In quello che è ritenuto il suo autoepitaffio, Virgilio afferma di aver «cantato pascoli, campi e governanti». La parola-chiave è "cantato”: a differenza del prosatore, il poeta non viene definito dal contenuto delle sue opere. Un poeta ed il contenuto della sua opera sono definiti dal timbro della sua voce, dalla sua dizione, dalla scelta e dall’uso delle parole. In questo senso Virgilio è davvero uno scrittore imprevedibile. La critica più comune nei suoi riguardi, dopo la sua morte, era: «usava parole solite in modo insolito». È un’osservazione sicuramente, suggerita dalle Georgiche, con la loro dovizia di termini relativi alla tecnica agricola, fino ad allora di rado incontrati in poesia. Egli letteralmente farcisce i propri versi di aratri, vanghe, erpici, rastrelli, finimenti, stanghe, alveari, e così via. E, quel che è peggio, non li usa simbolicamente.
Virgilio è stato soprattutto un realista.
Per lui il migliore — se non l’unico — modo per comprendere il mondo era elencarne i contenuti. Se qualcosa era rimasto fuori dalle "Bucoliche” e dalle "Georgiche”, vi pose rimedio con l’"Eneide”. L’ effetto complessivo della sua poesia sul lettore è un inventario del mondo, e davvero meticoloso. Che parli di piante, pianeti o campi, di pensieri o di sentimenti, dei destini degli uomini o di Roma, le sue inquadrature ravvicinate sono insieme avvincenti e sconvolgenti.
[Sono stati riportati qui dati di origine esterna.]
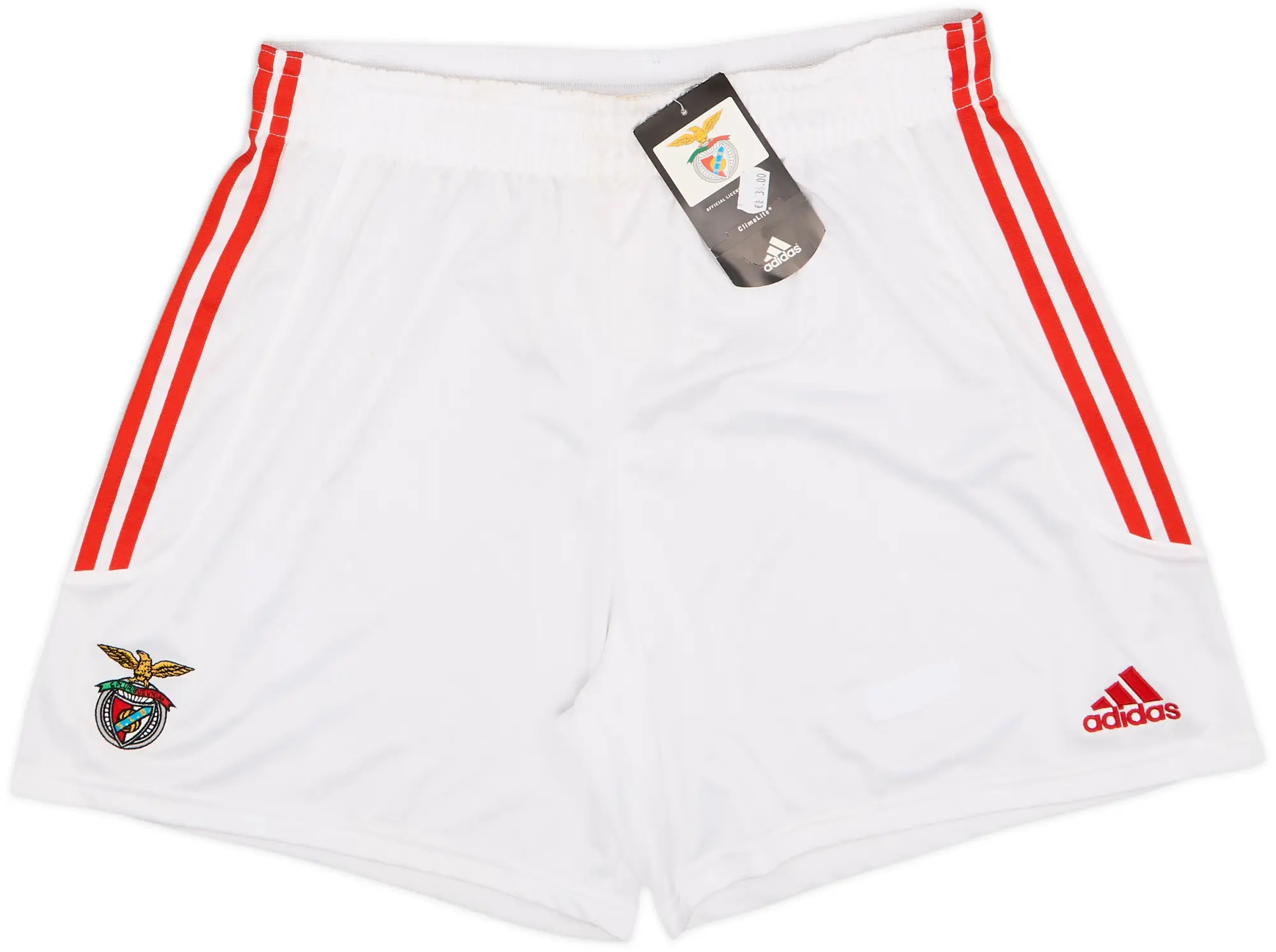 2003-04 Benfica Home Shorts (XL)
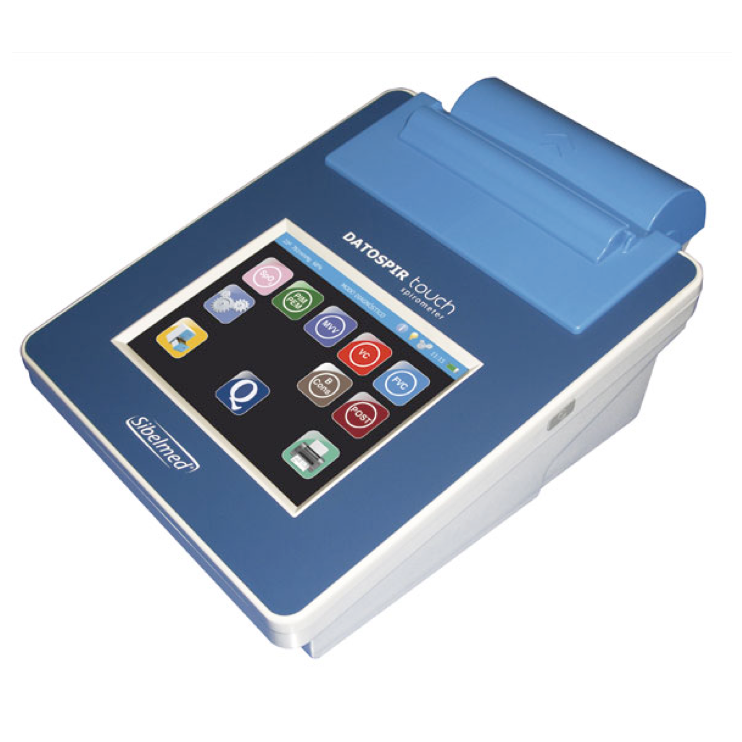 Espirometro 3 Datospir TOUCH EASY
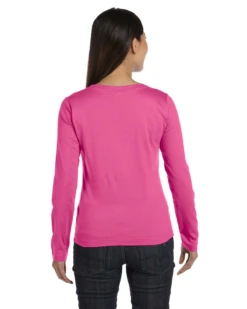 Ladies' Premium Jersey Long-Sleeve T-Shirt -Jiffyshirts Sales Store f6b9450eb11440
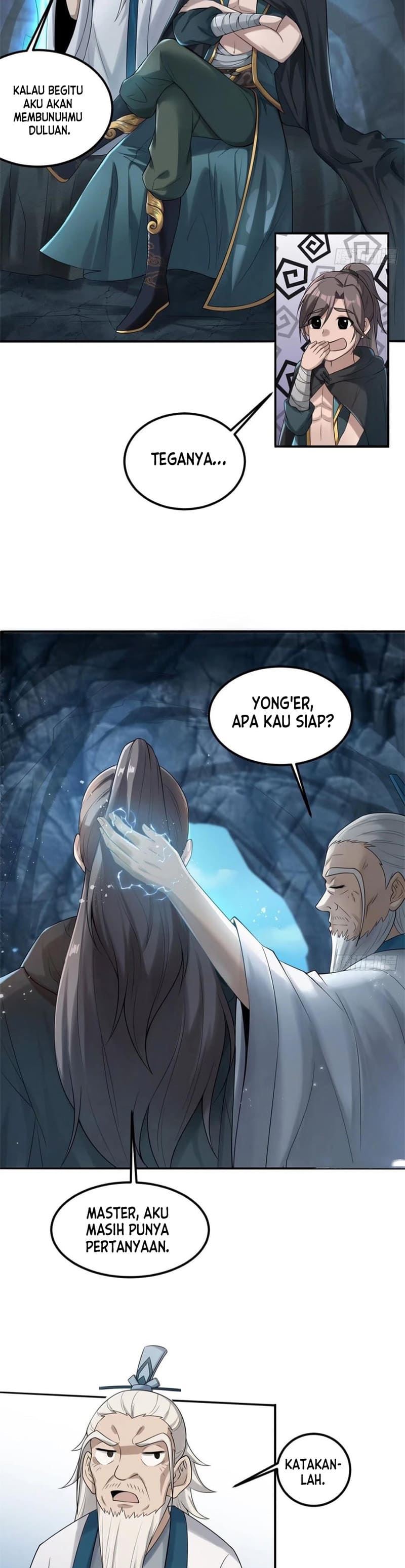 Ancestor, Please Come Out of the Mountain Chapter 11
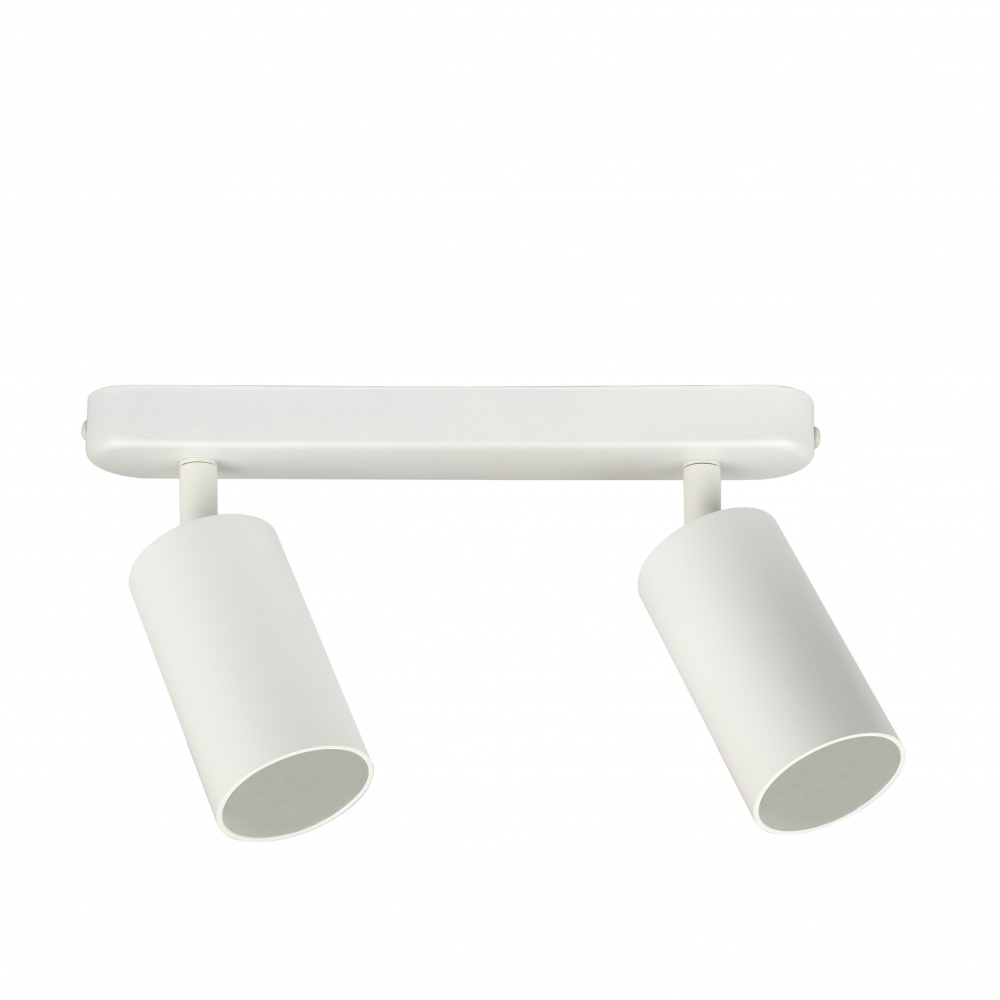 Спот Berger 2x40 Вт GU10 белый 4001-SL-2 White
Come le cose stesse.
Il suo sforzo di spiegare il mondo è stato tale da indurlo a scendere perfino negli Inferi. La descrizione che ne fa è stranamente convincente, perché non è legata a nessuna dottrina scolastica che miri ad abbellire ciò che non esiste. Certamente la profezia pronunciata da Anchise suona falsa, non trova eco al di là del periodo in cui visse il poeta, Virgilio non fa che rimaneggiare in chiave apologetica il passato conosciuto. Eppure l’orgoglio per il futuro di Roma che risuona nella voce di quel vecchio non è soltanto l’orgoglio del poeta per le conquiste di Roma. Vi si sente la speranza del pagano che — dobbiamo ammetterlo — pare molto meno egocentrica e più tangibile di quella del cristiano:
«Tu regere imperio populos, Romane, memento;
Hae tibi erunt artes; pacique imponere morem,
Parcere subiectis et debellare superbos».
Tutto svanisce, eccetto i sentimenti. 
I sentimenti durano, e rendono riconoscibili i vecchi autori. Il lettore moderno può usare Virgilio allo stesso modo in cui l’usò Dante nel suo viaggio attraverso l’Inferno e il Purgatorio: come guida.